Stress is a double-edged sword. We need to absorb a certain amount of stress to get through life and to succeed in living it well. If we’re running in a race, we need that stress to push us over the finish line.
Some stress is healthy and part of being human. It’s our inner gladiator, winning the daily war. But when stress gets out of control, it can gravely impact your health.
Your mental health is only part of how stress can affect you. Your physical health can also be a victim of excessive stress.
If you’re reading this, you’ve probably been wondering how stress is affecting you. But how stress is affecting you is as individual as you are. Too much of it can make as a big a dent on you as it can on anyone else, but stress is going to manifest in different ways, for different people.
Stress flash points are sudden events which cause moderate to extreme stress. These can anything from the loss of a job to a natural disaster to being robbed at gunpoint.
Any sudden interruption in your emotional landscape can trigger a stress response. And when that stress is acute, it can lead to heart attacks. While these usually occur in those with heart disease, it may never have been diagnosed. It was the stress that raised the issue and ended a life.
When Stress Is a Lifestyle
Unrelenting stress at work, home or in your immediate environment is chronic. It becomes a lifestyle, as you find ways to cope. For some that’s smoking cigarettes, drinking or gambling. None of these are constructive habits.

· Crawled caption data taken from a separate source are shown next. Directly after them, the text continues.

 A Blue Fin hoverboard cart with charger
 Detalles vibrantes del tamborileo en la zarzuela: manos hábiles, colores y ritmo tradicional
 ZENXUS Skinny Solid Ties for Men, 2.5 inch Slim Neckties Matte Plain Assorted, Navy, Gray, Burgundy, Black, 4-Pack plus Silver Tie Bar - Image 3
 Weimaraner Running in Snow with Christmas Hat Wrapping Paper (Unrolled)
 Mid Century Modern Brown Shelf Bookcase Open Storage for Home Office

The longer you’re living the stressed-out lifestyle the worse the effects become. You’re tired, cranky and demotivated, daring the world to come at you. But it’s the physical effects which may get your attention.
Type “D” personalities (people prone to chronic stress) tend to have worse outcomes with cardiac treatment because of the effect of long-term stress on the heart.

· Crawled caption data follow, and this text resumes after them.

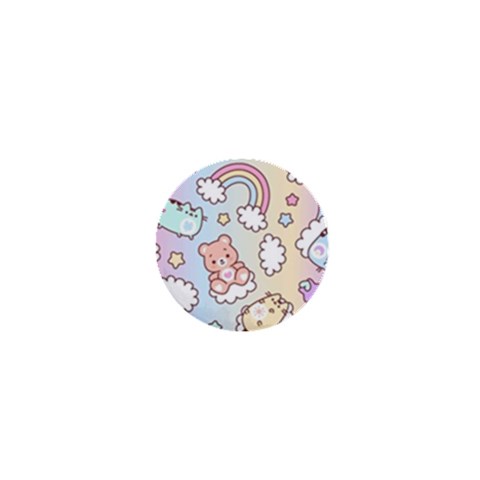 Pusheen Carebears Bears Cat Colorful Cute Pastel Pattern 1  Mini Buttons from ArtsNow.com Front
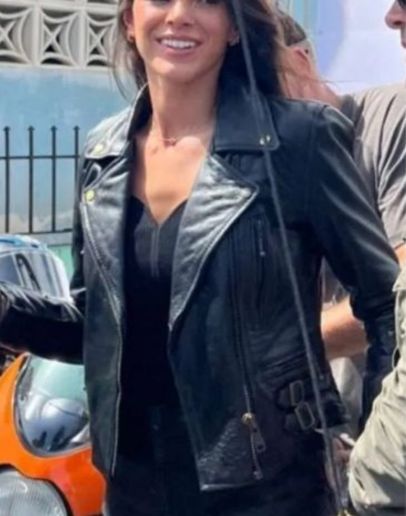 Blue Beetle 2023 Bruna Marquezine Leather Jacket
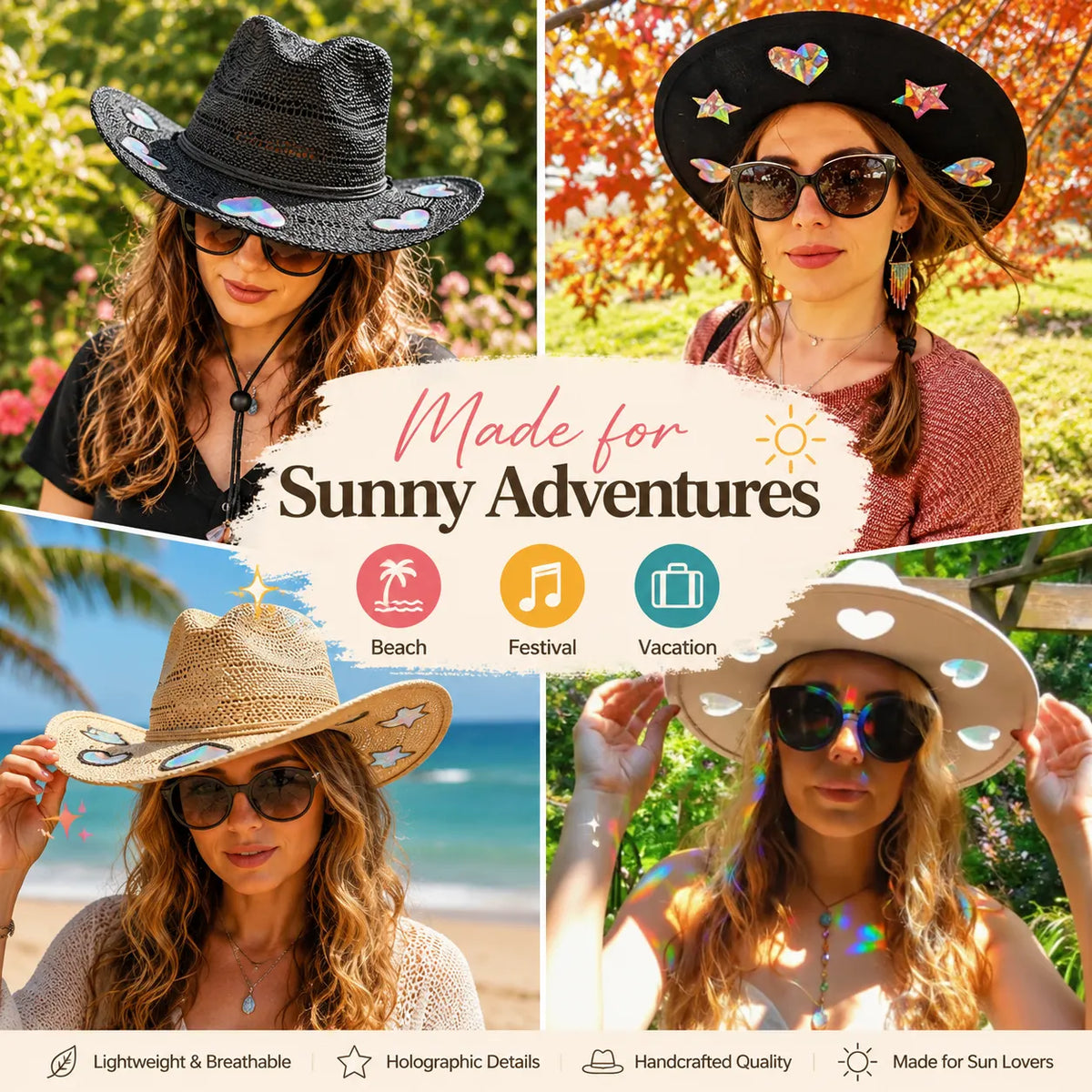 Suncatcher Cowgirl Straw Prism Hat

In fact, stress isn’t just bad for people who have unpredictable or weak hearts. It’s bad for all our cardiovascular health. The stressed-out lifestyle creates a continual “fight or flight” response in your body, wearing it down as the result of constantly being on red alert.
What to Do
Stress shouldn’t be running your life. That’s your job.
Make an achievable plan for self-care. Build activities into your day that inspire you and which nurture your wellbeing. Just the act of doing something for no other reason than to make yourself happy will improve your attitude and your stress levels.
And don’t neglect your relationships. Your friends and family love you, so let them in. Build trust and in so doing, build more solid support structures. Feeling connected is one of the most important aspects of being human. And a strong network of love is a great defense against the debilitating effects of stress.